Stored items:
________________________
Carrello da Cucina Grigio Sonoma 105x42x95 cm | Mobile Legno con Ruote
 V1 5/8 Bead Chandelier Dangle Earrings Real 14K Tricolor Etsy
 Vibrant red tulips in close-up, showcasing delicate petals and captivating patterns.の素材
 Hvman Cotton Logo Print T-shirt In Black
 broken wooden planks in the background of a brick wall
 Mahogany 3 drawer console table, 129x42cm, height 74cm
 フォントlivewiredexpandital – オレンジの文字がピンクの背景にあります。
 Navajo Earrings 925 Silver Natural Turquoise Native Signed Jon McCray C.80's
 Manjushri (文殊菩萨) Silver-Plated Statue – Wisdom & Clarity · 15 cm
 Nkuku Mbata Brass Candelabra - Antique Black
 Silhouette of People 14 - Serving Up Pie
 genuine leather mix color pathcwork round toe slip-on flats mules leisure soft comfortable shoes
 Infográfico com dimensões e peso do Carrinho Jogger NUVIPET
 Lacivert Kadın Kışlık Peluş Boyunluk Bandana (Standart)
________________________
Begin at the first line of the records above and quote every line verbatim through the one that contains "genuine leather mix".

RESULT BELOW:
Carrello da Cucina Grigio Sonoma 105x42x95 cm | Mobile Legno con Ruote
 V1 5/8 Bead Chandelier Dangle Earrings Real 14K Tricolor Etsy
 Vibrant red tulips in close-up, showcasing delicate petals and captivating patterns.の素材
 Hvman Cotton Logo Print T-shirt In Black
 broken wooden planks in the background of a brick wall
 Mahogany 3 drawer console table, 129x42cm, height 74cm
 フォントlivewiredexpandital – オレンジの文字がピンクの背景にあります。
 Navajo Earrings 925 Silver Natural Turquoise Native Signed Jon McCray C.80's
 Manjushri (文殊菩萨) Silver-Plated Statue – Wisdom & Clarity · 15 cm
 Nkuku Mbata Brass Candelabra - Antique Black
 Silhouette of People 14 - Serving Up Pie
 genuine leather mix color pathcwork round toe slip-on flats mules leisure soft comfortable shoes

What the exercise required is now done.